I am looking for verification on two different but related arguments-- those above (A) and below (B) the first line line-comment here in the Q.
(A) The way HashMap is structured is:
a HashMap is a plain table. thats direct memory access (DMA).
The whole idea behind HashMap (or hashing in general) at the first place is to put into use this constant-time memory access for
a.) accessing records by their own data content (< K,V >), not by their locations in DMA (the table index)
b.) managing variable number of records-- a number of records not of a given size, and may/not remain constant in size throughout the use of this structure.
So, the overall structure in a Java Hash is:
a table: table // i`m using the identifier used in HashMap
each cell of this table is a bucket.
Each bucket is a linked list of type Entry-- i.e., each node of this linked list (not the linked list of Java/API, but the data structure) is of type Entry which in turn is a < K,V > pair.
When a new pair comes in to be added to the hash, a unique hashCode is calculated for this < K,V > pair. This hashCode is the key to the index of this < K,V > in table-- it tells which bucket this < K,V > will go in in the hash. Note: hashCode is "normalized" thru the function hash() (in HashMap for one) to better-fit the current length of the table. indexFor() is also at use to determine which bucket, i.e., cell of table the < K,V > will go in.
When the bucket is determined, the < K,V > is added to the beginning of the linked list in this bucket-- as a result, it is the first < K,V > entry in this bucket and the first entry of the linked-list-that-already-existed is now the "next" entry that is pointed by this newly added one.
//===============================================================
(B) From what I see in HashMap, the resizing of the table-- the hash is only done upon a decision based on hash size and capacity, which are the current and max. # entries in the entire hash.
There is no re-structuring or resizing upon individual bucket sizes-- like "resize() when the max.#entries in a bucket exceeds such&such".
It is not probable, but is possible that a significant number of entries may be bulked up in a bucket while the rest of the hash is pretty much empty.
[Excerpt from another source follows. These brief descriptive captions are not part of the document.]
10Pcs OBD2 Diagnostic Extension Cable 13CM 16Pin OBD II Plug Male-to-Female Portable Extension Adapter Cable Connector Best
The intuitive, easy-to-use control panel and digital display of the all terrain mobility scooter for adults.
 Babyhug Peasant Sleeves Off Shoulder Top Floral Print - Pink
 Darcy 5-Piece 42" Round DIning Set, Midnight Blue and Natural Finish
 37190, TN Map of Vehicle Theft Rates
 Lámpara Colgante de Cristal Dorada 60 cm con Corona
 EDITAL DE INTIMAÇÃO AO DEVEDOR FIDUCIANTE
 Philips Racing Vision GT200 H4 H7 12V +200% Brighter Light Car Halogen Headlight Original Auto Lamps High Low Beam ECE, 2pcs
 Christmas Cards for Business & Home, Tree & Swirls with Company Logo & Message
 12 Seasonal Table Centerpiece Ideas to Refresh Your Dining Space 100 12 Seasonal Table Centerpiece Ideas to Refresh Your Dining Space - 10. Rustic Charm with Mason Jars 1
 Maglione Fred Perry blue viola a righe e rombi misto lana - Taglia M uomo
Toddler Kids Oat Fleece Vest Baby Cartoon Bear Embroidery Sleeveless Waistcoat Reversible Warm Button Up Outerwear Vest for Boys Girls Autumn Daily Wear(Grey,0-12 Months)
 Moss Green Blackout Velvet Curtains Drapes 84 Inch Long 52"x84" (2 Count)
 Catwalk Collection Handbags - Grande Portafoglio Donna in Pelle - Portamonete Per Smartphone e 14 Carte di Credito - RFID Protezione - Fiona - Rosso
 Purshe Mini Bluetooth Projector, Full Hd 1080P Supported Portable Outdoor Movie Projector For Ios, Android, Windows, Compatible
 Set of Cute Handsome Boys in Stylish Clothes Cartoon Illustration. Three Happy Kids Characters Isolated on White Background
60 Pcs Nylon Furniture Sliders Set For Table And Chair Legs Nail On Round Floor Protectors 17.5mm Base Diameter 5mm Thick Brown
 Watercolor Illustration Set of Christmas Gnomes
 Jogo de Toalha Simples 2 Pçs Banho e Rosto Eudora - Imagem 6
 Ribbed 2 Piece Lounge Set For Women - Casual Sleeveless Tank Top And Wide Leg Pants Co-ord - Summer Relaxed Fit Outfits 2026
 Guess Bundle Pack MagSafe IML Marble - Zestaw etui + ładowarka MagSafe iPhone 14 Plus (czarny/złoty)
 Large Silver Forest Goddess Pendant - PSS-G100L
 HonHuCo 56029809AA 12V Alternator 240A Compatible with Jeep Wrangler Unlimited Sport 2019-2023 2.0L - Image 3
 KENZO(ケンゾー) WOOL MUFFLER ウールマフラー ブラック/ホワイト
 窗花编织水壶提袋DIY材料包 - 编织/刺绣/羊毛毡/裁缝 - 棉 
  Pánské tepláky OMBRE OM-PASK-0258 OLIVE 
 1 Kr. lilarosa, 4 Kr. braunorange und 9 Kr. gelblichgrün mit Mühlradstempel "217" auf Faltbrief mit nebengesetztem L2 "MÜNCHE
If this is the case, i.e., no upper limit on the size of each bucket, hash is not of constant but linear access-- theoretically for one thing. It takes $O(n)$ time to get hold of an entry in hash where $n$ is the total number of entries. But then it shouldn't be.
//===============================================================
I don't think I'm missing anything in Part (A) above.
I'm not entirely sure of Part (B). It is a significant issue and I'm looking to find out how accurate this argument is.
I'm looking for verification on both parts.
Thanks in advance.
//===============================================================
EDIT:
Maximum bucket size being fixed, i.e., hash being restructured whenever the #entries in a bucket hits a maximum would resolve it-- the access time is plain constant in theory and in use.
This isn't a well structured but quick fix, and would work just fine for sake of constant access.
The hashCodes are likely to be evenly distributed throughout the buckets and it isn`t so likely that anyone of the buckets will hit the bucket-max before the threshold on the overall size of the hash is hit. This is the assumption the current setup of HashMap is using as well.
Also based on Peter Lawrey`s discussion below.